━━ STUDY MATERIAL
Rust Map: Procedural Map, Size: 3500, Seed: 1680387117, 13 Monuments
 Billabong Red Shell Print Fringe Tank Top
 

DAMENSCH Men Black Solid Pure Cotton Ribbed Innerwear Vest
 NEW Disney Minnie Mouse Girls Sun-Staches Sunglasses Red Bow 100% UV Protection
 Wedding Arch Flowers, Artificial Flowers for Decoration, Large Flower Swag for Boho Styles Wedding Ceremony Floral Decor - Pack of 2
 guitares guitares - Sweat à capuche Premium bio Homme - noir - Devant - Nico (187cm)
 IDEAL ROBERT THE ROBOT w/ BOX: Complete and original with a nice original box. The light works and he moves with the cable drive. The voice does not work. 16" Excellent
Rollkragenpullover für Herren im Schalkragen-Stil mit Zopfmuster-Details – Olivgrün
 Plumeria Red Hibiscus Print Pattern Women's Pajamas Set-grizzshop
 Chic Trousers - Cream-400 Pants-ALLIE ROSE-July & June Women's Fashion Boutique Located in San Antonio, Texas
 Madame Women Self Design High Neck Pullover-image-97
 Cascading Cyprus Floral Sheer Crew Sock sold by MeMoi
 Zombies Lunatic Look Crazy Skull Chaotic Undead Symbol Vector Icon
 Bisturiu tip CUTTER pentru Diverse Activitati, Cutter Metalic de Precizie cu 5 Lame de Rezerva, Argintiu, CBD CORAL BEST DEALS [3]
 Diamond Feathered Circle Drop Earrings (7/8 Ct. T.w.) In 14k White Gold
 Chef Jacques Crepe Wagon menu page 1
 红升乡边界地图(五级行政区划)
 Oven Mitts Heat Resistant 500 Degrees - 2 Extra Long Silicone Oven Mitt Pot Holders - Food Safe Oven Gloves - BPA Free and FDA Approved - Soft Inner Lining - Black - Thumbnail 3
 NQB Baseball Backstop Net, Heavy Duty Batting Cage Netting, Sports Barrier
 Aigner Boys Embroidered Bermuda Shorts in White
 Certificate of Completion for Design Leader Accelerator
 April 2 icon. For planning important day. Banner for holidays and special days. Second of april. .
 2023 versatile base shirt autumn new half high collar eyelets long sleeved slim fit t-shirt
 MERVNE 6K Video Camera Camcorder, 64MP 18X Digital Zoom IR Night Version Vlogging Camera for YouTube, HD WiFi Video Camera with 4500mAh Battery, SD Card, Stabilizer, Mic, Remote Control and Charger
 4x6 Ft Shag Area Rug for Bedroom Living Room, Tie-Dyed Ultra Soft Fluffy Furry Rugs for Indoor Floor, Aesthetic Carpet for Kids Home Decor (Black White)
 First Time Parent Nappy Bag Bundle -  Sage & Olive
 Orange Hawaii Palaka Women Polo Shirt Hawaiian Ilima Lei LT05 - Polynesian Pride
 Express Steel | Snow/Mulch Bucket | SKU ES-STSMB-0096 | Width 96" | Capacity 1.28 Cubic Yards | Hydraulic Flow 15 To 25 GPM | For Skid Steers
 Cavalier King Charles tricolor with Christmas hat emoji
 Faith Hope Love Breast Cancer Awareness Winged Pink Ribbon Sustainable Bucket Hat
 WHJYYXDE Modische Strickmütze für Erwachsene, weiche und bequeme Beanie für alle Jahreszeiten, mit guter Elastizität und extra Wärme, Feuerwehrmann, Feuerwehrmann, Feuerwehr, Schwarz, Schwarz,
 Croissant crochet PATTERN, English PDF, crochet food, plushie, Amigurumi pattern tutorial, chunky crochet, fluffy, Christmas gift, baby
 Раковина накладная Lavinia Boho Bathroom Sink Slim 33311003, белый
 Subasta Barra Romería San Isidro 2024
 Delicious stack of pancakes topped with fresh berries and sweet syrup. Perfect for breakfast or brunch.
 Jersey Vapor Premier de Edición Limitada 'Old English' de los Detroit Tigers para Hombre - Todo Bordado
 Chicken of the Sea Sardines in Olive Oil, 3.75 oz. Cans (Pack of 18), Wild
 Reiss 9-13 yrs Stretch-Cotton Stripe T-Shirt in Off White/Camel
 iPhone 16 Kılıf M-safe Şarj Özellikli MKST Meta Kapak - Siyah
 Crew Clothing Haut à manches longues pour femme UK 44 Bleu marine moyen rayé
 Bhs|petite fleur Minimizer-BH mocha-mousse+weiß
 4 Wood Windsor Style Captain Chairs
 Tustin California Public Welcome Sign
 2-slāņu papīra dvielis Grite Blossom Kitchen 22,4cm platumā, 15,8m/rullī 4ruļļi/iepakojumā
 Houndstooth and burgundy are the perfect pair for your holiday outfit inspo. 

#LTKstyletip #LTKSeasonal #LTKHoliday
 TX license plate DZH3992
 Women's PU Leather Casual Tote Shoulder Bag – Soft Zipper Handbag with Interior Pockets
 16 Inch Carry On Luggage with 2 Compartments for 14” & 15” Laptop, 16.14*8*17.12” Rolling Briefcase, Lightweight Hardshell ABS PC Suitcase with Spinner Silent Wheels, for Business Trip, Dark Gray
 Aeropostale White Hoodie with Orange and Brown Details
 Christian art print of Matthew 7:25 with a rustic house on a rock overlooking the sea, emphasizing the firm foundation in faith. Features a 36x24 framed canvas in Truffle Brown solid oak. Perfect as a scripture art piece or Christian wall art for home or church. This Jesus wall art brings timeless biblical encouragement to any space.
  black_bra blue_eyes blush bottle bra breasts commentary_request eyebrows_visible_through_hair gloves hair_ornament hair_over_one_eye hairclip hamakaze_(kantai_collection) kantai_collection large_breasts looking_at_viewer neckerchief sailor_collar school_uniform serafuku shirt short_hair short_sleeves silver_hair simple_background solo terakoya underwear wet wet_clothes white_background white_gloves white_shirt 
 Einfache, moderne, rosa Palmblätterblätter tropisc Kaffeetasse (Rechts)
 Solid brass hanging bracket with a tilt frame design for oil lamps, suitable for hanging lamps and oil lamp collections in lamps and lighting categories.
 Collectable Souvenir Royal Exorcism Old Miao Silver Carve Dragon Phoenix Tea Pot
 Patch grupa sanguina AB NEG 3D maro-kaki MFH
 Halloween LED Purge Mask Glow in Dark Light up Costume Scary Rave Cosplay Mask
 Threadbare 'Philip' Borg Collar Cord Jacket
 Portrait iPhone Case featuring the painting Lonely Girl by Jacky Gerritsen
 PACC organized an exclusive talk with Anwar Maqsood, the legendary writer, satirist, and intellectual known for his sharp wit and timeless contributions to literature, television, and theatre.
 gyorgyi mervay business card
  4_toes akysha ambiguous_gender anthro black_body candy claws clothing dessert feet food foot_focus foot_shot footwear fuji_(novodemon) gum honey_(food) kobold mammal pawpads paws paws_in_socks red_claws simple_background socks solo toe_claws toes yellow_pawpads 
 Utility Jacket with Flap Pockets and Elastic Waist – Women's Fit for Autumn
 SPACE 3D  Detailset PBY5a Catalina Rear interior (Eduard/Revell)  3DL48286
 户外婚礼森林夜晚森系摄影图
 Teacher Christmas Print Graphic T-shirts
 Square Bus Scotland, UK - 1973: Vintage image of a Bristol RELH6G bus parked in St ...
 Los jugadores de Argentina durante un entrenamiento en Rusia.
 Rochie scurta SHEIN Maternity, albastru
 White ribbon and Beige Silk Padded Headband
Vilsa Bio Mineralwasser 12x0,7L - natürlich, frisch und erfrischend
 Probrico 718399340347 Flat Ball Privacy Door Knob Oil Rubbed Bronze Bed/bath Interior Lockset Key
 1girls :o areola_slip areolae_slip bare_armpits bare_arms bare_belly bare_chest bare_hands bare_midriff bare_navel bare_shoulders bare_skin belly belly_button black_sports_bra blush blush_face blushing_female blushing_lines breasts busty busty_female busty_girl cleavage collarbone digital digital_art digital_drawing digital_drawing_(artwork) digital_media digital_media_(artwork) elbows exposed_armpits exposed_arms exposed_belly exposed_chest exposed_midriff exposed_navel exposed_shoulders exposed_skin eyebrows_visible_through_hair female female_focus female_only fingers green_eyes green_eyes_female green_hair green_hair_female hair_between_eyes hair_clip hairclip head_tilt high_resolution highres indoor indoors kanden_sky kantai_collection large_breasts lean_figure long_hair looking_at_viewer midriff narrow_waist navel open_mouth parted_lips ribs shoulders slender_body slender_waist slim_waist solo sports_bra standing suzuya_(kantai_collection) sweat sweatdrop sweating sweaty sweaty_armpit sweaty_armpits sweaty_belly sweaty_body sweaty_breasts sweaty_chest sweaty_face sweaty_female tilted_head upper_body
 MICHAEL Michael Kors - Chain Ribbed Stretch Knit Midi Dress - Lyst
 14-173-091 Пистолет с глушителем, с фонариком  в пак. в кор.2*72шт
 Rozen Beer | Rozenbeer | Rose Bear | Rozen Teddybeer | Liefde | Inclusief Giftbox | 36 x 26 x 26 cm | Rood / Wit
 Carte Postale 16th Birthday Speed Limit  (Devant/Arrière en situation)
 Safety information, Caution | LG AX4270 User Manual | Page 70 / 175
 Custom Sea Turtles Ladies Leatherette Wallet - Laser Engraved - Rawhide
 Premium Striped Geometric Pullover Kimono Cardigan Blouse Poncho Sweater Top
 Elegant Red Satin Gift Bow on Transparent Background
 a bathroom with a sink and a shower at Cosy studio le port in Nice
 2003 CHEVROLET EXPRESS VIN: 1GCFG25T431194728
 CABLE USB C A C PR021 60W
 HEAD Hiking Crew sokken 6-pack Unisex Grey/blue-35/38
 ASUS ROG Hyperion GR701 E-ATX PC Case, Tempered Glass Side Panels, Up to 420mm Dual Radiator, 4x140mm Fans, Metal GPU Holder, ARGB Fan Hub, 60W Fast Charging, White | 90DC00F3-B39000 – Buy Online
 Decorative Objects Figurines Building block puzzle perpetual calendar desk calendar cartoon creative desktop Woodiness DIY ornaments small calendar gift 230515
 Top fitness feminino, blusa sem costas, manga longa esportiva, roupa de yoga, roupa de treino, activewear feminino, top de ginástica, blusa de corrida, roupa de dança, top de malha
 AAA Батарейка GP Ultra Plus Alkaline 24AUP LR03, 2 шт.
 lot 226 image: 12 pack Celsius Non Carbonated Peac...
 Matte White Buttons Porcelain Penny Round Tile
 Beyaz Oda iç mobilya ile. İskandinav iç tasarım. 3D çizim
━━━━
> [PROBLEM] Filter the records for the string "image" and copy every line that holds it.

> [ANSWER]
 Madame Women Self Design High Neck Pullover-image-97
 Square Bus Scotland, UK - 1973: Vintage image of a Bristol RELH6G bus parked in St ...
 lot 226 image: 12 pack Celsius Non Carbonated Peac...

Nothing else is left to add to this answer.